22.1 Ensemble Averages
Consider Figure 22.1, which shows the weather forecast for Kuopio, a city in Finland:8
Figure 22.1 shows a great example of what is called an ensemble average. The horizontal axis lists the time of day and the vertical axis is the temperature (the precipitation is in bars down below, but not important in this context). The forecast temperature at a given point in time can have a range of outcomes, with the median of the distribution as the “temperature probability forecast”9. The red shading states that 80% of the outcomes fall in a given range, so while the median temperature on Tuesday May 5 (labeled as Tu 4.5 - dates are represented as DAY-MONTH-YEAR) is 7 \(^{\circ}\)C, it may range between 4 and 11 \(^{\circ}\)C (39 to 51 \(^{\circ}\)F). Based on the legends given, the 80% confidence interval is between 4 - 11 \(^{\circ}\)C, or the models have 80% confidence for the temperature to be between that range of temperatures.

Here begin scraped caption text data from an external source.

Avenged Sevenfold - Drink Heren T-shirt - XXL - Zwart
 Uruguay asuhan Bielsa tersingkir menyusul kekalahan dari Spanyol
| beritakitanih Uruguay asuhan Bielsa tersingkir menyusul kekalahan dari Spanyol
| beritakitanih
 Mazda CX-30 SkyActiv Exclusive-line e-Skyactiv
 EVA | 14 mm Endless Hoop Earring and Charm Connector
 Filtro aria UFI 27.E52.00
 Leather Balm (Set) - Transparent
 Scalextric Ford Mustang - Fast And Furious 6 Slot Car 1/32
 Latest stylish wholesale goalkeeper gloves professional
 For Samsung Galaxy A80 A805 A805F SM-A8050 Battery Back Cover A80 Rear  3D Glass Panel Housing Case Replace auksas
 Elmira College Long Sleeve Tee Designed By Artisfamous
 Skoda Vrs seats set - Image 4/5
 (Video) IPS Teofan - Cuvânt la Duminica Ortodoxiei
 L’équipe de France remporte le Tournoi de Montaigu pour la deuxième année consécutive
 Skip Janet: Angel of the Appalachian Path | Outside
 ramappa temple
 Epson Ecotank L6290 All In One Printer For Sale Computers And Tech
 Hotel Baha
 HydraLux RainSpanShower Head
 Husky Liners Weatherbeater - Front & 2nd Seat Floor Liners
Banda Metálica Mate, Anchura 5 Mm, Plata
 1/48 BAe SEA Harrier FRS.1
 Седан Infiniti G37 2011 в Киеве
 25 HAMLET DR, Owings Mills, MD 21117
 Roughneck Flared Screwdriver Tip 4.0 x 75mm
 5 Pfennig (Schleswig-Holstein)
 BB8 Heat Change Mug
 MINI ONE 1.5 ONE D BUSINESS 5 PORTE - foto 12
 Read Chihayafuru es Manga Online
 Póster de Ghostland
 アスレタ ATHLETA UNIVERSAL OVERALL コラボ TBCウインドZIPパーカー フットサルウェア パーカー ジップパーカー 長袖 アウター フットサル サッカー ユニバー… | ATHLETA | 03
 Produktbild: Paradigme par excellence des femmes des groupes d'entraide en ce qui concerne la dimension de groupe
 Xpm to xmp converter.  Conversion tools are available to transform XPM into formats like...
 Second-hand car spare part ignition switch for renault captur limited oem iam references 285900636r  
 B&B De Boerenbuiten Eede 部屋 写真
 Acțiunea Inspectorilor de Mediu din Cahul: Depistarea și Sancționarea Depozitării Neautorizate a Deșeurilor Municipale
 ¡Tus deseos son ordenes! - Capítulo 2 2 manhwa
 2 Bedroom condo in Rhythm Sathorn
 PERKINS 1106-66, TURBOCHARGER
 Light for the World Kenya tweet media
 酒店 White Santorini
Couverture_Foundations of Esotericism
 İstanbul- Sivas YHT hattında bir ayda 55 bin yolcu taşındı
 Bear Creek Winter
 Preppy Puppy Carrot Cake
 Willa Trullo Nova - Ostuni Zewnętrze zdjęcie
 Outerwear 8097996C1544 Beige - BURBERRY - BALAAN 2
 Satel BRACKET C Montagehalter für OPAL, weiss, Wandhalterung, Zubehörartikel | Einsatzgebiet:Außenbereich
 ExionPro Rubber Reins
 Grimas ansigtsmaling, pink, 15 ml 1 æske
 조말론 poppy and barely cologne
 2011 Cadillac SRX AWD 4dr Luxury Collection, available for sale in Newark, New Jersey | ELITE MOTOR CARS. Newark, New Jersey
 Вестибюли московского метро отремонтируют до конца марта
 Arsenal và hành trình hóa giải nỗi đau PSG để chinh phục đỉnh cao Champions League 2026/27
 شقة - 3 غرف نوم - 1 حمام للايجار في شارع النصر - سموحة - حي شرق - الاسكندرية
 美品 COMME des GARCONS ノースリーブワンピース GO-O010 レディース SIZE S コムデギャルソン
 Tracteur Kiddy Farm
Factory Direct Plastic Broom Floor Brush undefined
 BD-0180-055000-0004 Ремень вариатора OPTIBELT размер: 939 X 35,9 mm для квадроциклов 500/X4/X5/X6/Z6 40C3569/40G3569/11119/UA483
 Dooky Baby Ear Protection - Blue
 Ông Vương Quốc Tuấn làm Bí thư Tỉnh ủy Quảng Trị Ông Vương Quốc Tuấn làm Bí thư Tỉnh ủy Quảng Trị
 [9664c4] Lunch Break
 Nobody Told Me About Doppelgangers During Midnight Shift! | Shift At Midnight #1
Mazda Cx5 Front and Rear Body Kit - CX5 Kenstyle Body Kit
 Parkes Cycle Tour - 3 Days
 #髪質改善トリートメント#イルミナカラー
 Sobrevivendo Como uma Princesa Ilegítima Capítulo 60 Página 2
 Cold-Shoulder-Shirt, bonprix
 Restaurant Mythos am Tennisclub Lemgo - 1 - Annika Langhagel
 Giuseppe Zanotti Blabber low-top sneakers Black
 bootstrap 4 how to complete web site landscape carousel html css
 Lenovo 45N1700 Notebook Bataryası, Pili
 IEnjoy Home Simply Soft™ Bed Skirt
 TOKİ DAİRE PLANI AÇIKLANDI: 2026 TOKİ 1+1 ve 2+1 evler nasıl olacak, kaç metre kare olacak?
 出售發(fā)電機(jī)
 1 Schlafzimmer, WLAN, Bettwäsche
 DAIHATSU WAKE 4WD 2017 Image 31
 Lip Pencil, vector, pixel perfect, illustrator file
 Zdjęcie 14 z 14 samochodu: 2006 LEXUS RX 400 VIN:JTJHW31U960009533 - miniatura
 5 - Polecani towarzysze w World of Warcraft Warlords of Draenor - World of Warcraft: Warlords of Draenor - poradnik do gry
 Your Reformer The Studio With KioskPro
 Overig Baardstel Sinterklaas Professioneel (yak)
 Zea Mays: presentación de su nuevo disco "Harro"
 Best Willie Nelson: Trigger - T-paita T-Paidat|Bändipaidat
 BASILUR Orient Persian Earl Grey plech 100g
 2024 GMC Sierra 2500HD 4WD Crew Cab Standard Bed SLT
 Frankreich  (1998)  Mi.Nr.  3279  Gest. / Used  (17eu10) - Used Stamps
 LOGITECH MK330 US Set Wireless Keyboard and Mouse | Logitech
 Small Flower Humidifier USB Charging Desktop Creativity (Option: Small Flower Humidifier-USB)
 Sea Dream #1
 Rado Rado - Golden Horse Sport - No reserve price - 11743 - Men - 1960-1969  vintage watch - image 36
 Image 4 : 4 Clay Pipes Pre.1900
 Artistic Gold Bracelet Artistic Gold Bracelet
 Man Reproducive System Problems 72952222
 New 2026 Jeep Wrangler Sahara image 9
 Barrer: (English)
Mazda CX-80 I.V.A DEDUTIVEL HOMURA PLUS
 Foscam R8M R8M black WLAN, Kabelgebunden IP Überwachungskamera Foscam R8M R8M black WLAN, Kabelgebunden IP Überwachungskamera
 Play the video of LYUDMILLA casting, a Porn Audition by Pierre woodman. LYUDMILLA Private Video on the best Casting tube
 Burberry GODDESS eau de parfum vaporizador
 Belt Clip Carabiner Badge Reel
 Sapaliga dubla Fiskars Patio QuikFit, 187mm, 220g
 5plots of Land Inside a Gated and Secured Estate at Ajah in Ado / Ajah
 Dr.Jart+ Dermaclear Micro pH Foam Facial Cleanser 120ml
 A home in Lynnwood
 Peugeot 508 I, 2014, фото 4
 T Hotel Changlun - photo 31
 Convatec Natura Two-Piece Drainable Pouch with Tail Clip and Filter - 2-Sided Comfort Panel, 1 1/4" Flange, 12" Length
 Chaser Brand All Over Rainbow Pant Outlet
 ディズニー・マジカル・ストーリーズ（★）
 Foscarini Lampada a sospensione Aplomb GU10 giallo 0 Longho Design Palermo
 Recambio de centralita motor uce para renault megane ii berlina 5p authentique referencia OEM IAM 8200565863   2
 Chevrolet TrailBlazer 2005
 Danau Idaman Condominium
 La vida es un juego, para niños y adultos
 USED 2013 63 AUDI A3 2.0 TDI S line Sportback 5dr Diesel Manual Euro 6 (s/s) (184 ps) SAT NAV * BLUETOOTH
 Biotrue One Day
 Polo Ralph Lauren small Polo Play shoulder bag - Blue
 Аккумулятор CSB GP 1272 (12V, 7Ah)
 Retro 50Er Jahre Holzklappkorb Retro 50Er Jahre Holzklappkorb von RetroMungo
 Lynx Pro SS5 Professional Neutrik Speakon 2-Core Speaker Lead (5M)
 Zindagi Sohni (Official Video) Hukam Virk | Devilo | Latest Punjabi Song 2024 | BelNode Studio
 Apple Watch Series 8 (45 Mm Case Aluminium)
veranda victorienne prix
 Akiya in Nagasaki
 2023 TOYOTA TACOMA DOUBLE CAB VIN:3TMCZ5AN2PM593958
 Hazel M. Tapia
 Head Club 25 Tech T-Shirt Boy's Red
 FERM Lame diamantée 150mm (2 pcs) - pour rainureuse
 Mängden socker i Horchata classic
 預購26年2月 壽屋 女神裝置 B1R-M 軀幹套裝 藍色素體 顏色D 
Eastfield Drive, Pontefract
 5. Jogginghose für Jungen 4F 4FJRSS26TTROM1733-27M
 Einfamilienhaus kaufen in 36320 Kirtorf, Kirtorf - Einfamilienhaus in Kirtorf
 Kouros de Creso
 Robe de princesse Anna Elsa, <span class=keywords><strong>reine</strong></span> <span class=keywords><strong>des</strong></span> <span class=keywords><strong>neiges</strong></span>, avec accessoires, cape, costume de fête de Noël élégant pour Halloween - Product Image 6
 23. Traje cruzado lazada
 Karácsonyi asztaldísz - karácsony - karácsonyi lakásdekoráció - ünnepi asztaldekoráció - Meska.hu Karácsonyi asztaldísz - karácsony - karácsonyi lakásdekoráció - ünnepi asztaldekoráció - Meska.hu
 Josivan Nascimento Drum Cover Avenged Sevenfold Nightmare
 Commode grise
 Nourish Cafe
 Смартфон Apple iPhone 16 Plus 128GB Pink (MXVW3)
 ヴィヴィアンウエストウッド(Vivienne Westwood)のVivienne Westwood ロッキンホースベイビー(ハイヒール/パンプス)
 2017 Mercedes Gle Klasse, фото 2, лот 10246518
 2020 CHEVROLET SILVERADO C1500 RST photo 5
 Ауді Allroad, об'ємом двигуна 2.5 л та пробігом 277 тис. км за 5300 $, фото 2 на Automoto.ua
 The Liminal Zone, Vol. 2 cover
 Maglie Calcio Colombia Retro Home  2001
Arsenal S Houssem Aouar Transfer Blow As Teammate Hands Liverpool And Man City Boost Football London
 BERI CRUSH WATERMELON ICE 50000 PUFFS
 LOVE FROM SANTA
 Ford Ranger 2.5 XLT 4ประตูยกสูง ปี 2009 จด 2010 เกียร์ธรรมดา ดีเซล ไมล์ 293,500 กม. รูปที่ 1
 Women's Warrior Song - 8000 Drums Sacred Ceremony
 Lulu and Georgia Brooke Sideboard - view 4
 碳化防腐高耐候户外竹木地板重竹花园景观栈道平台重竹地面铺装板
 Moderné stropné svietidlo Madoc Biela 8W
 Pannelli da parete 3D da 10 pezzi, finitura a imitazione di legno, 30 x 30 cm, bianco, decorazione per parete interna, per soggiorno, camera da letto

Because there may be different factors that alter the weather in a particular spot (e.g. the timing of a low-pressure front, or clouds, etc) there are different possibilities for an outcome of the weather forecast. While that may seem like forecasting weather may impossible to do, sometimes these changes lead to small fluctuations in the forecasted weather at a given point. The further out in time the more ensemble average becomes more uncertain (wider bars), as unforeseen events may drastically change the weather in the long term.
In this section we will focus on how to take results from a simulation (such as several simulations of the moose population from Section 21) to generate ensemble average plots. Computing an ensemble average is a great way to show your uncertainty or confidence in a model outcome.